With such devices, however, if images are written by applying AC electric field while scanning a beam, non-uniformity of density occurs in written images, because of the waveform of applied electric field, and irregularity of timing when exposing and applying the electric field are carried out.
The cause of non-uniformity of density is now described, referring to an example. Conventionally, in many cases, in order to control the transmissivity of a light modulating layer comprising liquid crystals dispersed in high polymer, resin AC electric filed is applied for the purpose of preventing deterioration, which is caused by DC component, or the like of the light modulating layer. When using a film of high polymer resin having liquid crystals dispersed therein, if a voltage is applied, the liquid crystals in the high polymer resin are oriented and the difference of indexes of refraction at the borders between the liquid crystals and the high polymer resin become small enough to be disregarded, which makes the film transparent. If electric field is not applied, high polymer resin and liquid crystals are in optically anisolotropic state and becomes light-scattered. Here, if the intensity of electric field is different portion by portion, the orientation of liquid crystals is also different portion by portion in accordance with the state of the portions, which causes non-uniformity of density of images. Further, if the polarity of applied voltage is the same continuously, DC component occurs, which causes resolution or the like of the material of the liquid crystals and deterioration of characteristics of the liquid crystals.

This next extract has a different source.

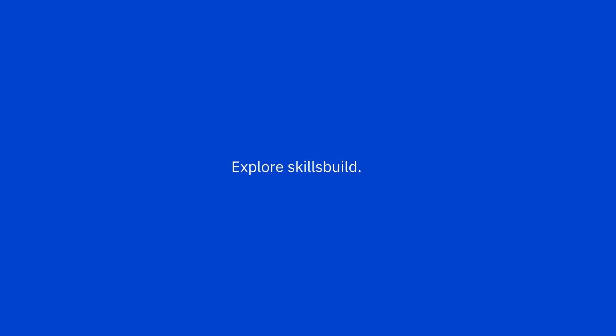Take control of your future. Explore IBM SkillsBuild today.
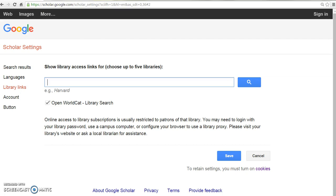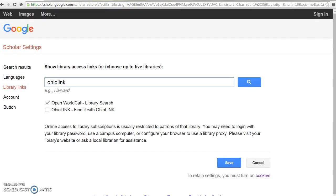Search results automatically include OpenWorldCat by default. To include OhioLink, enter OhioLink in the search box and search. Find It with OhioLink will display. Place the check marks in the box and save.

When scanning a beam on the photoconductive layer by means of laser beam or the like is repeated while applying AC electric field to the light modulating layer on which the photoconductive layer is laminated, the voltage applied to a pixel (hereinafter in this specification, pixel corresponds to the portion to be exposed) does not comprise waveforms having continuously same effective values but of short waveforms corresponding to short exposure time.
Therefore, as a conventional example whose schematic structure is shown in FIG. 2, when a beam is scanned by exposing means 4 to a medium wherein information is stored and which comprises light modulating layer 1 including of high polymer having liquid crystals dispersed therein and optical conductive layer 2, if writing of images is carried out without controlling the polarity of voltage applied from AC power supply 31 or waveform, effective values or polarity of pulse of voltage repeatedly applied to the same pixels may be different each time. No attempt are tried in the above described conventional arts to overcome the non-uniformity of density caused by the combination of scanning exposure and applying of AC electric field and the deterioration of light modulating layer caused by applying DC component.